694 F.2d at 908. Thus, the State Commissioner correctly held that the Board was liable not for the entire school year but only until the date of decision.
For the reasons given above, the Court hereby affirms the ruling of the State Commissioner and grants summary judgment in favor of the defendants.
 The equivalent of this section is found in New York's Education Law § 4404(4), which similarly states, "[d]uring the pendency of any proceedings [including both initial placements and appeals] ... the child shall remain in the then current educational placement of such child."

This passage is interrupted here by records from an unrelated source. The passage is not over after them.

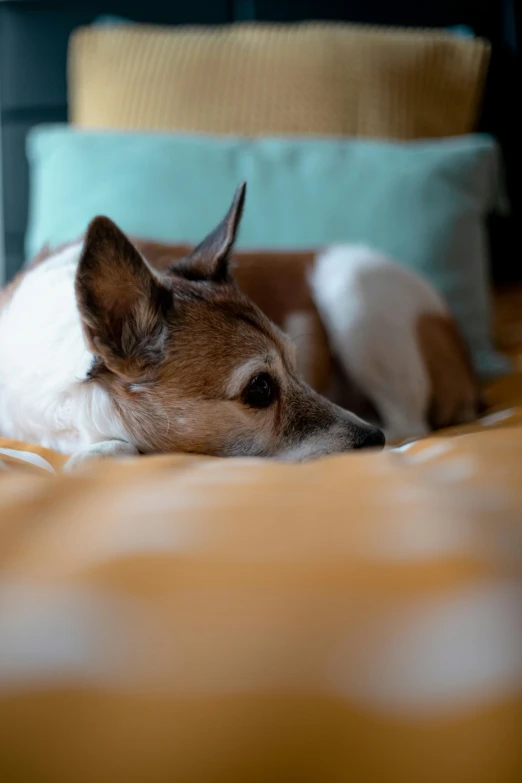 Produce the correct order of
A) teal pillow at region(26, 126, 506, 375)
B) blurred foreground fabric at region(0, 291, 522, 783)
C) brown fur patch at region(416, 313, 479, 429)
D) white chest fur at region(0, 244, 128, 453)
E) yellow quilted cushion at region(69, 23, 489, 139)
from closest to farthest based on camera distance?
blurred foreground fabric at region(0, 291, 522, 783)
white chest fur at region(0, 244, 128, 453)
brown fur patch at region(416, 313, 479, 429)
teal pillow at region(26, 126, 506, 375)
yellow quilted cushion at region(69, 23, 489, 139)

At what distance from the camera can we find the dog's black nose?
1278 millimetres

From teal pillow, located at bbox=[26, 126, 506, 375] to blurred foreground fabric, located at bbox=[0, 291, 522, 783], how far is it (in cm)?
139

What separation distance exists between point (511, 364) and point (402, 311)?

 Even though the Court finds herein that his current placement was neither the first placement offered by the Board in the summer of 1982, nor the placement offered in May of 1983, the federal statute, 20 U.S.C. § 1415(e) (3) would also prevent the Court from finding that either of the placements offered Asher could have become his "initial placement" without his mother's consent. Notably the New York State law equivalent of the federal statute upon which the Board of Education relies does not contain this consent requirement. New York Education Law § 4404(4) provides that "if [a handicapped child is] applying for initial admission to a public school, [the child] shall, be placed in the public school program until all such [placement evaluations and appeal] proceedings have been completed." Section 1415(e) (3) of 20 U.S.C. contains essentially the same language with the proviso that the child shall be placed "with the consent of the parents or guardian." To the extent that the New York statute's lack of the consent provision is a material variation from the federal version, the federal version must control because it sets forth the minimum procedural safeguards intended by Congress to be followed by State and local agencies receiving federal assistance when making educational placements for handicapped children.